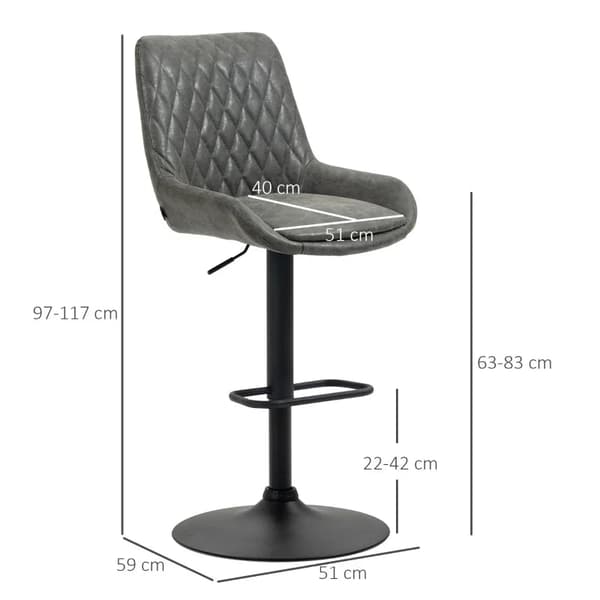 Rootz Barstol - Køkkentaburet - Designskammel - Højdejusterbar - Kunstlæder - Stål - Skum - Mørkegrå + Sort - 51 Cm X 59 Cm X 117 Cm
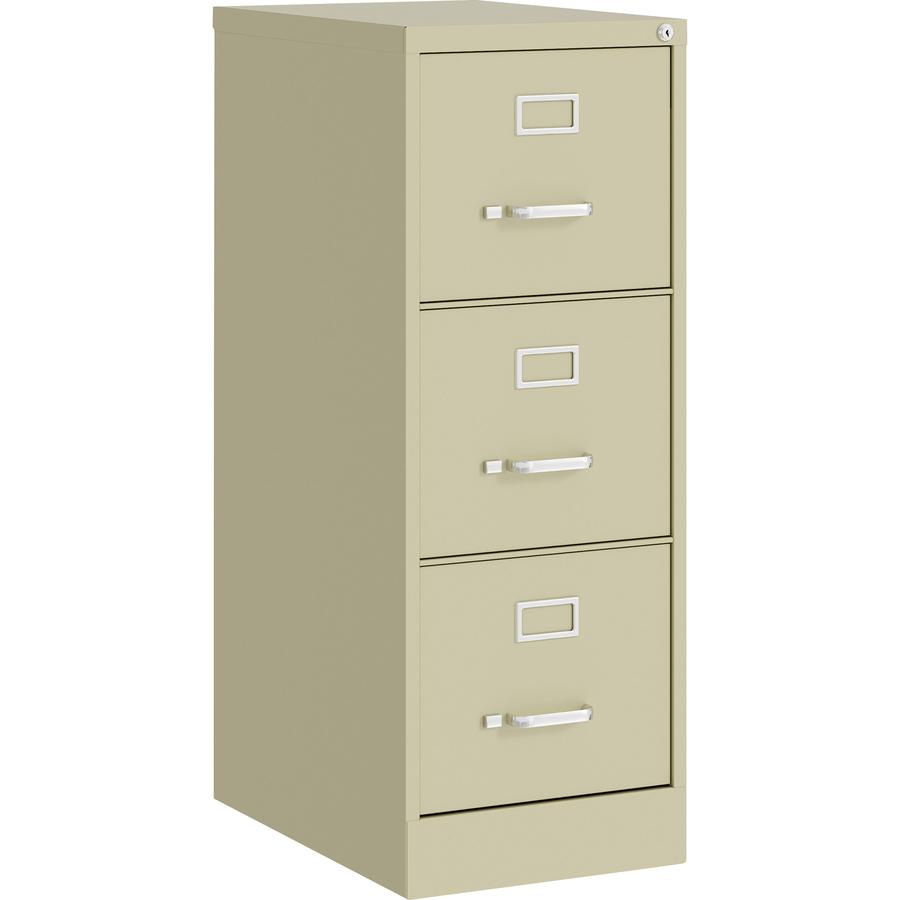 Lorell Fortress Series 22" Commercial-Grade Vertical File Cabinet - 15" x 22" x 40.2" - 3 x Drawer(s) for File - Letter - Vertical - Ball-bearing Suspension, Removable Lock, Pull Handle, Wire Manageme. Picture 3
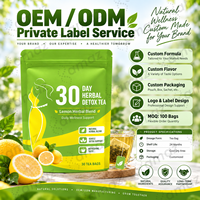 Sachets de thé bien-être aux herbes et au citron de marque privée pour le soutien du métabolisme et l'équilibre digestif quotidien, 30 sachets, fabricant OEM ODM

## YOUR ASSIGNMENT
When repeating the listing, keep each line exact and exclude the pictures.

## ANSWER FOR THIS EXERCISE
 Rootz Barstol - Køkkentaburet - Designskammel - Højdejusterbar - Kunstlæder - Stål - Skum - Mørkegrå + Sort - 51 Cm X 59 Cm X 117 Cm
 Lorell Fortress Series 22" Commercial-Grade Vertical File Cabinet - 15" x 22" x 40.2" - 3 x Drawer(s) for File - Letter - Vertical - Ball-bearing Suspension, Removable Lock, Pull Handle, Wire Manageme. Picture 3
 Sachets de thé bien-être aux herbes et au citron de marque privée pour le soutien du métabolisme et l'équilibre digestif quotidien, 30 sachets, fabricant OEM ODM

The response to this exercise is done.